Five Indicted For Illegal Trafficking of Tigers, Leopards

JEFFERSON CITY, Missouri, November 14, 2001 (ENS) - Five people have been indicted for bringing endangered tigers and leopards into the United States so that they could be hunted and killed. The indictments by the U.S. Attorney for the Eastern District of Missouri in St. Louis followed a lengthy undercover investigation by agents of the U.S. Fish and Wildlife Service and the U.S. Attorneys Office.

A federal court in Missouri unsealed the indictments on Thursday, charging five people in connection with the illegal trafficking of six endangered tigers and five leopards.


Trafficking in endangered tiger and leopard skins is often thought to be a problem largely confined to Asian countries, such as these skins confiscated in India (Photos courtesy TRAFFIC-India)
Tigers and snow leopards are listed as endangered under the federal Endangered Species Act. The law also protects leopards, which are classified as either endangered or threatened depending on the location of their wild population.

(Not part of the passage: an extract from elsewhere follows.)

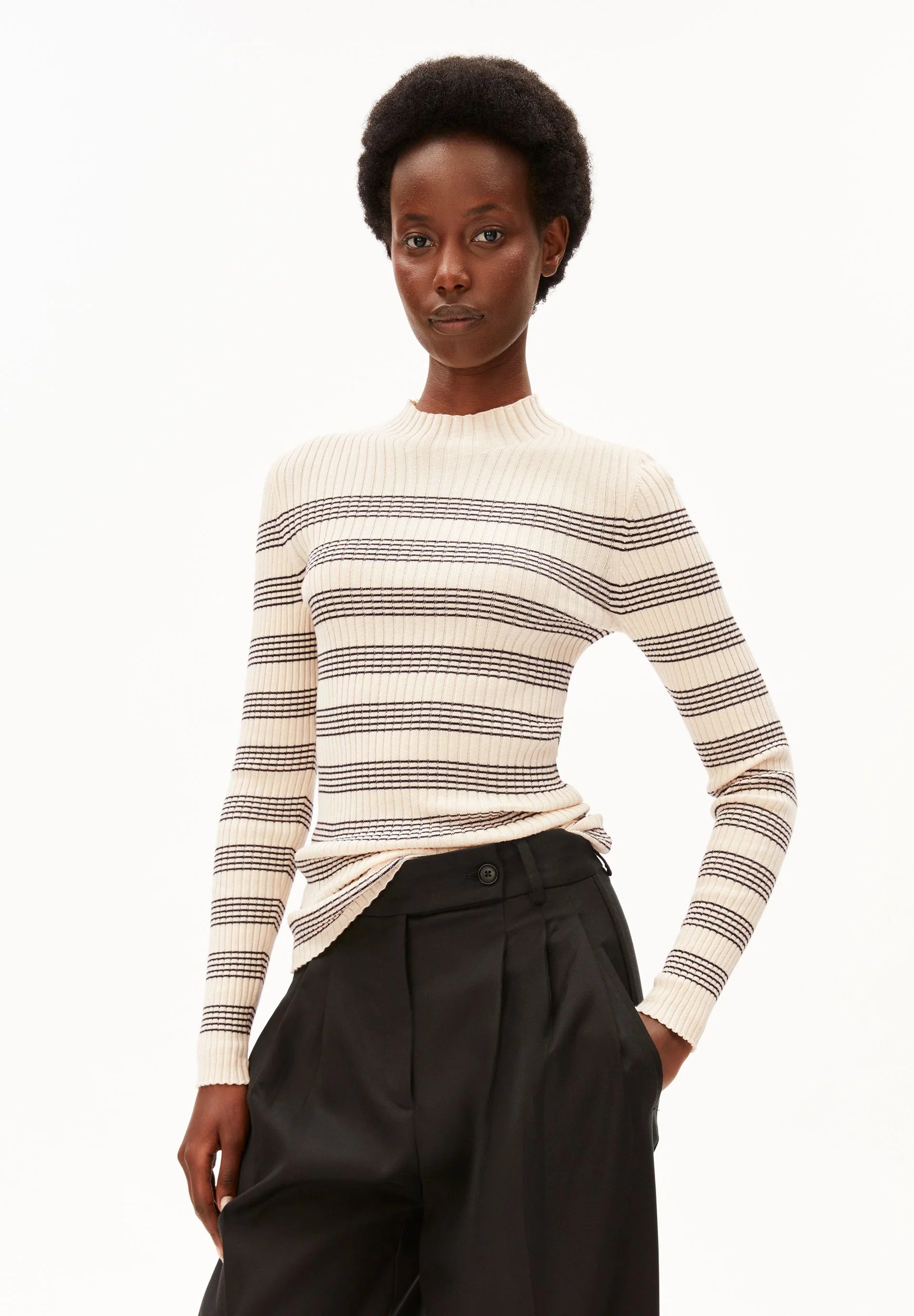 Alaania Striped Knit Sweater Oatmilk Black | ARMEDANGELS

Although federal regulations allow possession of captive bred tigers, the regulations stipulate that any activities involving their use must be help boost the reproduction or survival of the species. It is illegal to kill the animals for profit, or to sell their hides, parts or meats.

Conspiracy charges were filed against Todd and Vicki Lantz of Cape Girardeau, Missouri, Freddy Wilmoth of Gentry, Arkansas, Stoney Elam of Fort Gibson, Oklahoma and Tim Rivers of Citra, Florida. The five were also charged with violations of the Lacey Act - a federal statute that makes it a crime to import wildlife or wildlife products taken, possessed, transported or sold in violation of any U.S. law or treaty.

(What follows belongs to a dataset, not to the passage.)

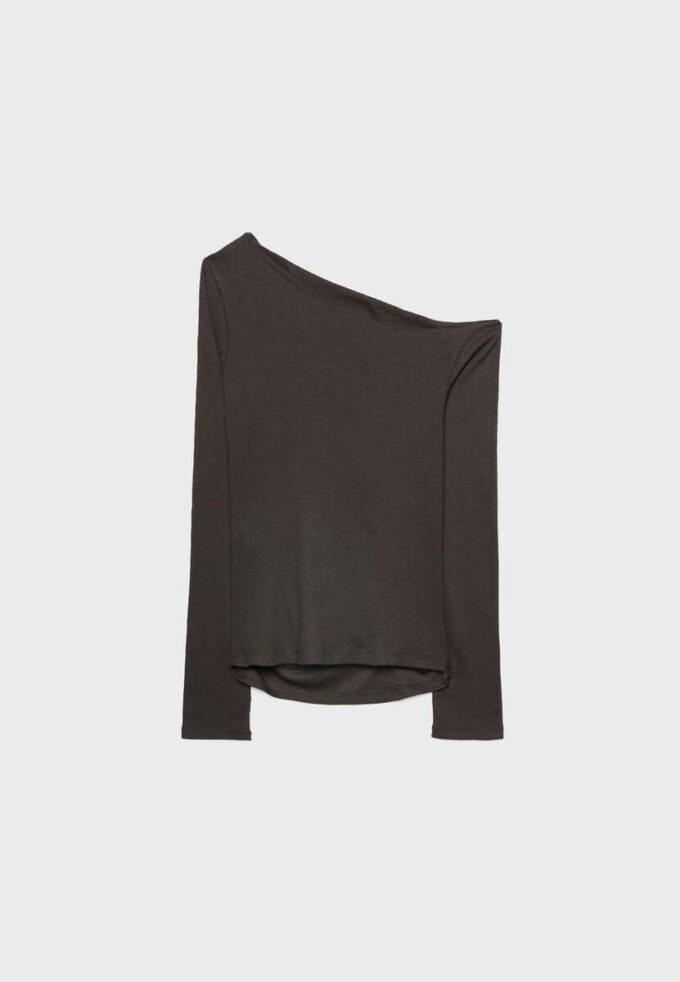 Asymmetrisk T-shirt med rynkad detalj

The five are alleged to have illegally bought and sold federally endangered tigers and leopards between January and August 1998.

The indictments charge that in February 1998, Todd Lantz, owner of Lazy L Exotics in Cape Girardeau, purchased four tigers from Freddy Wilmoth in Gentry, Arkansas and transported them to the 5H Ranch in Cape Girardeau, with the knowledge the tigers were to be killed. After the tigers were killed and sold, Vicky Lantz prepared federal forms falsely stating that the transaction was a donation.


Tigers are sometimes killed for their coats and bones. The bones are used in Chinese and Japanese traditional medicine. (Photo courtesy Tiger Monitoring Project, Royal Chitwan National Park, Nepal)
The indictments also charge that in June 1998, Stoney Elam sold two tigers and three leopards in violation of federal wildlife laws. Timothy Rivers, owner of Animals in Motion in Citra, is alleged to have illegally sold two leopards in August 1998.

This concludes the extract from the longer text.